Index Selection - Lance

Index selection (quick)

Use this file when the user asks "which index should I use" or "how do I tune it".

Always confirm:

The query pattern (filter-only, vector-only, hybrid)
Data scale (rows, vector dimension)
Update pattern (append vs frequent updates/deletes)
Correctness needs (must return top-k within a filtered subset vs best-effort)

Decision table

Workload	Recommended starting point	Notes
Filter-only scans (`scanner(filter=...)`)	Create a scalar index on the filtered column	Choose scalar index type based on predicate shape and cardinality
Vector search only (`nearest=...`) on large data	Build a vector index	Start with `IVF_PQ` if you need compression; tune `nprobes` / `refine_factor`
Vector search + selective filter	Scalar index for filter + vector index for search	Use `prefilter=True` when you need true top-k among filtered rows
Vector search + non-selective filter	Vector index only (or scalar index optional)	Consider `prefilter=False` for speed; accept fewer than k results
Text search	Create an `INVERTED` scalar index	Use `full_text_query=...` when available; note that `FTS` is not a universal alias in all SDK versions

Vector index types (user-facing summary)

Vector index names typically follow a pattern like {clustering}_{sub_index}_{quantization}.

Common combinations:

IVF_PQ: IVF clustering + PQ compression
IVF_HNSW_SQ: IVF clustering + HNSW + SQ
IVF_SQ: IVF clustering + SQ
IVF_RQ: IVF clustering + RQ
IVF_FLAT: IVF clustering + no quantization (exact vectors within clusters)

If you are unsure which types are supported in the user's environment, recommend starting with IVF_PQ and fall back to "try and see" (the API will error on unsupported types).

Vector index creation defaults

Start with:

index_type="IVF_PQ"
target_partition_size: start with 8192 and adjust based on the dataset size and latency/recall needs
num_sub_vectors: choose a value that divides the vector dimension

Practical warning (performance):

Avoid misalignment: (dimension / num_sub_vectors) % 8 == 0 is a common sweet spot for faster index creation.

Vector search tuning defaults

Tune recall vs latency with:

nprobes: how many IVF partitions to search
refine_factor: how many candidates to re-rank to improve accuracy

When a user reports "too slow" or "bad recall", ask for:

Current nprobes, refine_factor, and index type
Whether the query is using prefilter

Scalar index selection (starting guidance)

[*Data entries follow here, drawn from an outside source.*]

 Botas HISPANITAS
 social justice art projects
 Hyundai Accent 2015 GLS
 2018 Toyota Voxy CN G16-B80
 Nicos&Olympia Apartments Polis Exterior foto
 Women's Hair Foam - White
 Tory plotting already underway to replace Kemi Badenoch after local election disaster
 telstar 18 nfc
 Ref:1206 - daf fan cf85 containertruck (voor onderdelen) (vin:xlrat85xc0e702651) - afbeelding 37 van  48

Choose scalar index type based on the filter expression:

Equality filters on high-cardinality columns: start with BTREE
Equality / IN-list filters on low-cardinality columns: start with BITMAP
List membership filters on list-like columns: start with LABEL_LIST
Substring / contains(...) filters on strings: start with NGRAM
Full-text search (FTS): start with INVERTED
Range filters: start with range-friendly options (for example ZONEMAP when appropriate)
Highly selective negative membership / presence checks: consider BLOOMFILTER (inexact)
Geospatial queries (if present in your build): use RTREE

JSON fields

Lance scalar indices are created on physical columns. If you want to index a JSON sub-field:

Materialize the extracted value into a new column (for example with add_columns)
Create a scalar index on that new column

Example (Python, using SQL expressions):

python

ds = lance.dataset(uri)
ds.add_columns({"country": "json_extract(payload, '$.country')"})
ds.create_scalar_index("country", "BTREE", replace=True)

If you cannot confidently map the filter to an index type, recommend BTREE as a safe baseline and confirm via a small benchmark on representative queries.